The size and scale of cyber attacks has increased in recent years as a result of a number of factors, including the increasing normalcy of cyber operations within international politics, the growing reliance of industry on digital infrastructure, and the difficulties of maintaining an adequate cybersecurity workforce. Many commentators across government, media, academia, and industry have wondered how cybersecurity professionals might be able to adapt machine learning for defensive purposes. Could machine learning allow defenders to detect and intercept attacks at much higher rates than is currently possible? Could machine learning–powered agents automatically hunt for vulnerabilities or engage an adversary during an unfolding attack? Should policymakers view machine learning as a transformational force for cyber defense or as mere hype?
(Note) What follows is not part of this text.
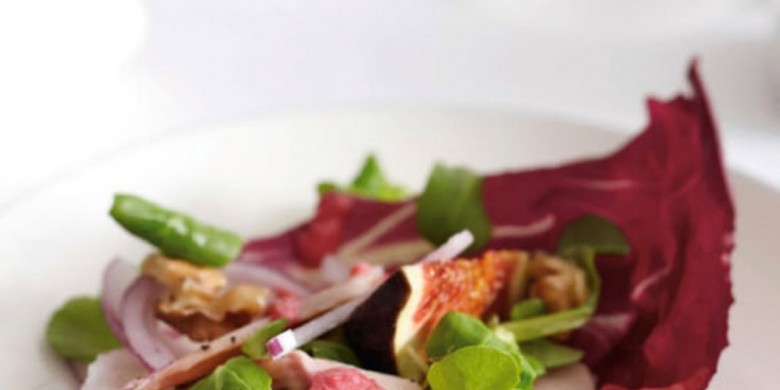 Gerookte forel met bietjesdressing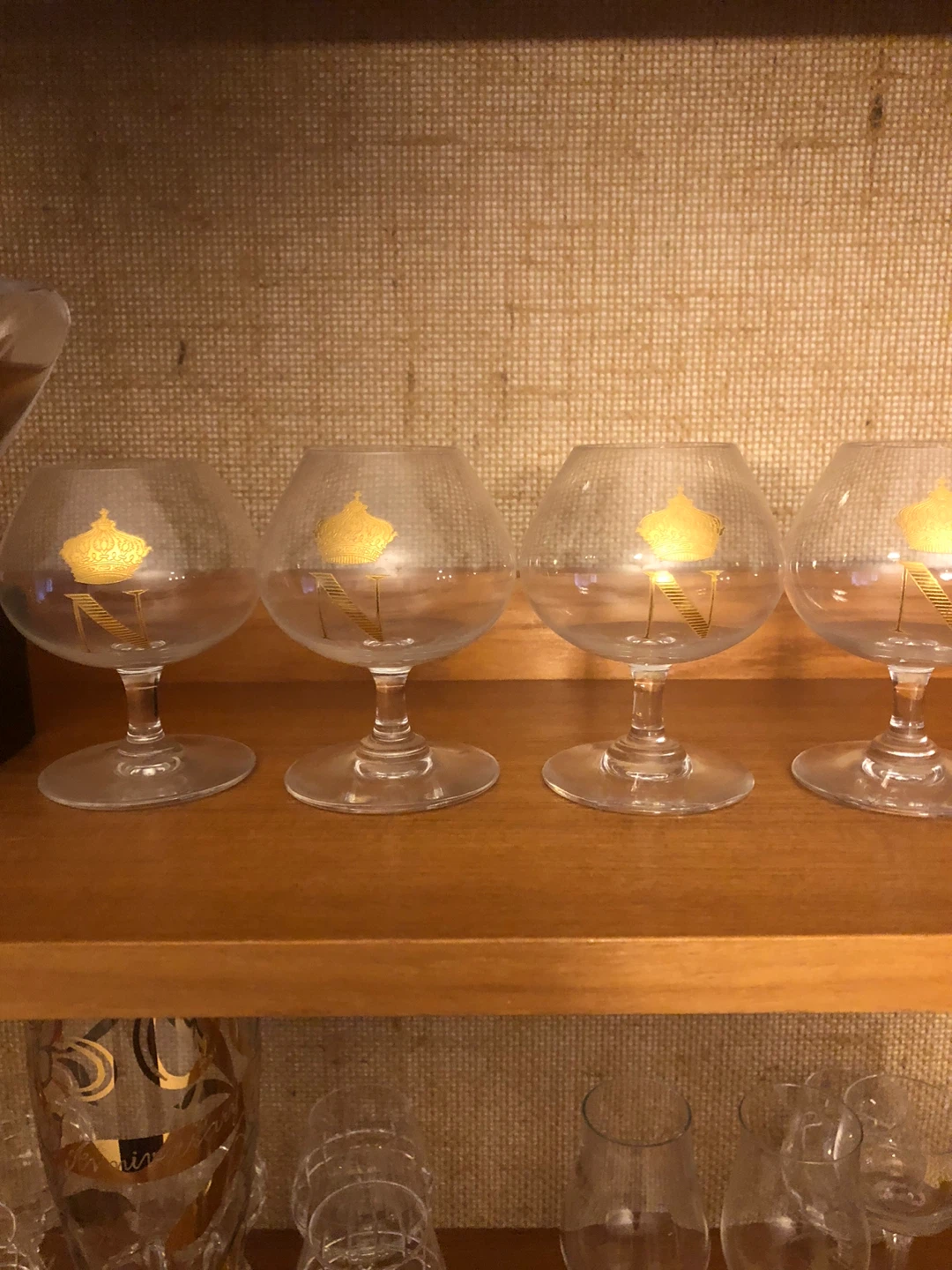 Collection of 6 Lionstone Whiskey Figurines - photo 4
This report examines the academic literature on a wide range of AI-cybersecurity applications to provide a grounded assessment of their potential. It breaks cybersecurity practice into a four-stage model and examines the impact that recent machine learning innovations could have at each stage, contrasting these applications with the status quo. The report offers four conclusions:
- Machine learning can help defenders more accurately detect and triage potential attacks. However, in many cases these technologies are elaborations on long-standing methods—not fundamentally new approaches—that bring new attack surfaces of their own.
- A wide range of specific tasks could be fully or partially automated with the use of machine learning, including some forms of vulnerability discovery, deception, and attack disruption. But many of the most transformative of these possibilities still require significant machine learning breakthroughs.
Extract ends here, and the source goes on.